Task description: The result should be every line in the data below that carries the string "Round".

(Collection entries)
::::

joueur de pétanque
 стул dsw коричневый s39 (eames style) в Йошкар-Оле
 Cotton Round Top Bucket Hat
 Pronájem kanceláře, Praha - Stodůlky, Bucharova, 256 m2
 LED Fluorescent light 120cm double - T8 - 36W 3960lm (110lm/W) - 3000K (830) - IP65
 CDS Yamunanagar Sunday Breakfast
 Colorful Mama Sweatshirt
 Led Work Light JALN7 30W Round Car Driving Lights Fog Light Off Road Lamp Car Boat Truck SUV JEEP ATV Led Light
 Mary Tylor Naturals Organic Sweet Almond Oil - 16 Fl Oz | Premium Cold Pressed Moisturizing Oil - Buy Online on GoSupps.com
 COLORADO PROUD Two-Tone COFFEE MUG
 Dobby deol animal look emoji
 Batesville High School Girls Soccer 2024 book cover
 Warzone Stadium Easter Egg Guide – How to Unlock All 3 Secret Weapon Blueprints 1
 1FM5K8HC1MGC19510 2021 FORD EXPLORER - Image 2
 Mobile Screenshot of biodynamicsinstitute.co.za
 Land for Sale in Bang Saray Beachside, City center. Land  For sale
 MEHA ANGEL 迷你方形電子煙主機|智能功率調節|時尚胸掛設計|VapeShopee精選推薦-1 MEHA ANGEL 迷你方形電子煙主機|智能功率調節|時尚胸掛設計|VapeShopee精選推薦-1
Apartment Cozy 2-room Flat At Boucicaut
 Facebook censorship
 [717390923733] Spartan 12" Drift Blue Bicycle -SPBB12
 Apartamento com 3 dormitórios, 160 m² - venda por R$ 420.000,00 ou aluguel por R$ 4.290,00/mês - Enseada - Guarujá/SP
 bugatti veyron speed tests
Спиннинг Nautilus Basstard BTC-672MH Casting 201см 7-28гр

::::

Written answer:
 Cotton Round Top Bucket Hat
 Led Work Light JALN7 30W Round Car Driving Lights Fog Light Off Road Lamp Car Boat Truck SUV JEEP ATV Led Light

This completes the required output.